Temporary Disability Insurance

Temporary disability insurance is made available to people when they are not able to work for a period of time, due to sickness or injury. Illness or injury can occur outside of the job – this brand of insurance offers about 40-70% of a person’s base salary. Quite a few people get insured by their employers or their unions. Also known as group coverage, individual policies can be bought directly from insurance carriers as well.

How this Insurance helps:

  • Most temporary disability policies are designed on the same lines – an employer or the policy holder pay monthly premiums to buy coverage. A claim can then be filed if the need arises – most often, it could be a situation like a pregnancy, an accident or illness.
  • To be able to file a claim, this insurance policy requires a doctor’s certificate stating the condition and the length of time one is likely to be indisposed. There is usually a waiting period between the time one takes off from one and the date benefits are received. A certain number of sick days have to be used up as well before the policy kicks in. Once the mandated waiting period is over, the amount of wages due are transferred to the policy holder.
  • Short term policies cover a period of 3 months to a year after which there are no benefits.
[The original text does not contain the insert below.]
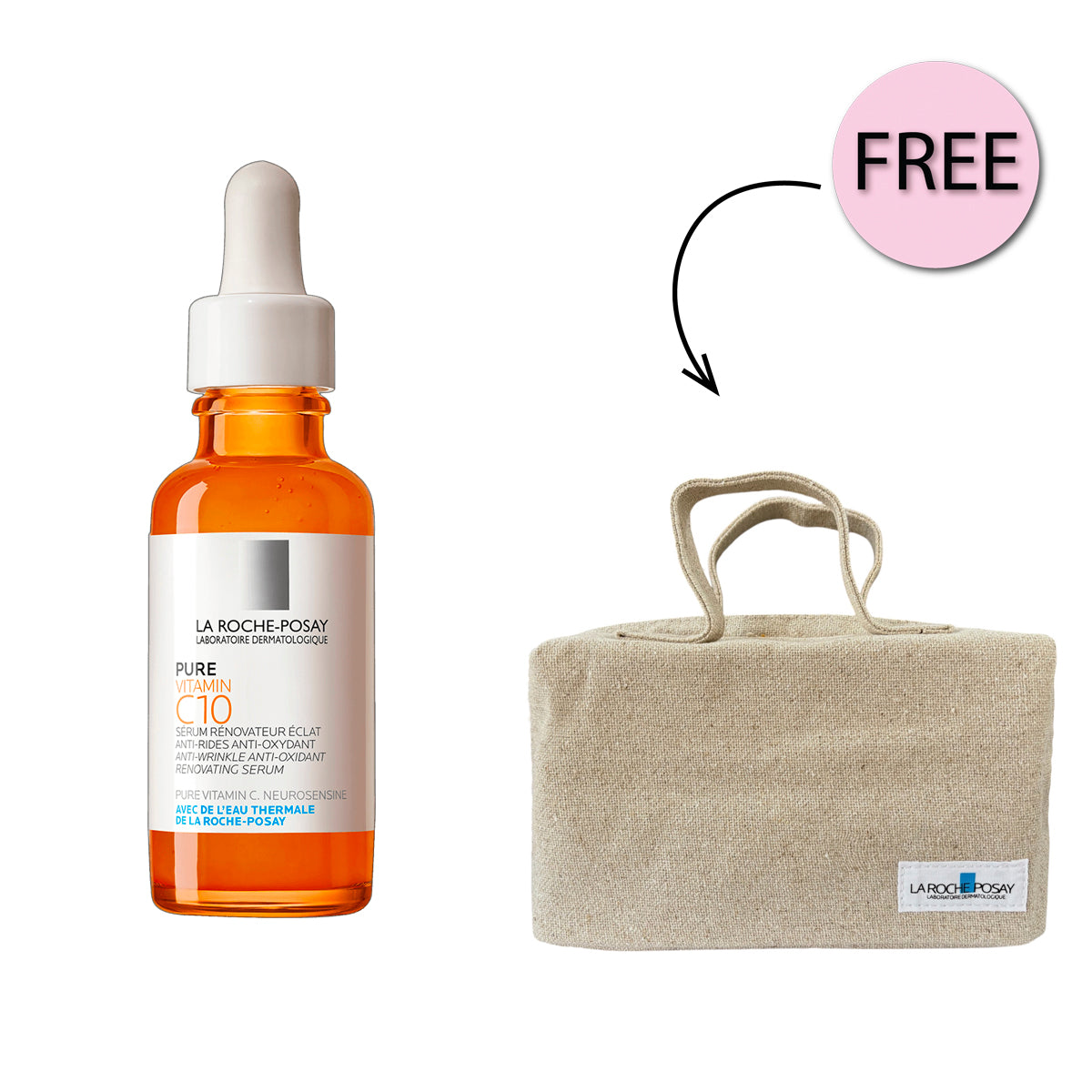La Roche-Posay 10% Pure Vitamin C Anti Aging Face Serum for Wrinkles 30ml + Free Pouch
People may have to switch over to a long term disability policy if the problems persist.

Differences in Policies:

Most policies have a few features in common, but here’s a look at the differences:

  • Defining Disability: Some specify the inability of claimant to perform their own job and others, the inability to work in any job/occupation.
  • Service Period: Most people are eligible to get this facility only after having worked at a job for a particular period, at least a minimum of 6 to 12 months.
  • Waiting Period: Claimants may have to wait for at least 6 months before they can get paid. Policies with long waits have lower premiums. The waiting period varies, so it pays to check around.
  • Benefits: These rates can vary as well, but usually ranged between 40-70% of regular earnings. If one wants a higher rate, the premium will be higher as well.
  • Benefit Period: This type of policy has a built in clause which will let people go back to work on a trial basis and see if they are able to get back. If they cannot manage, benefits are available until they are ready.
  • Changes to premium: There are two main differences – a non-cancelable policy doesn’t permit the company to make changes to premiums or benefits. A renewable policy lets the carrier do so, only in the event that they are changing it for the entire group.
  • Exceptions: Drug abuse, pre-existing conditions, a suicide attempt and a few other situations are not covered. On the job injuries resulting in a disability are covered by worker’s compensation insurance and hence excluded.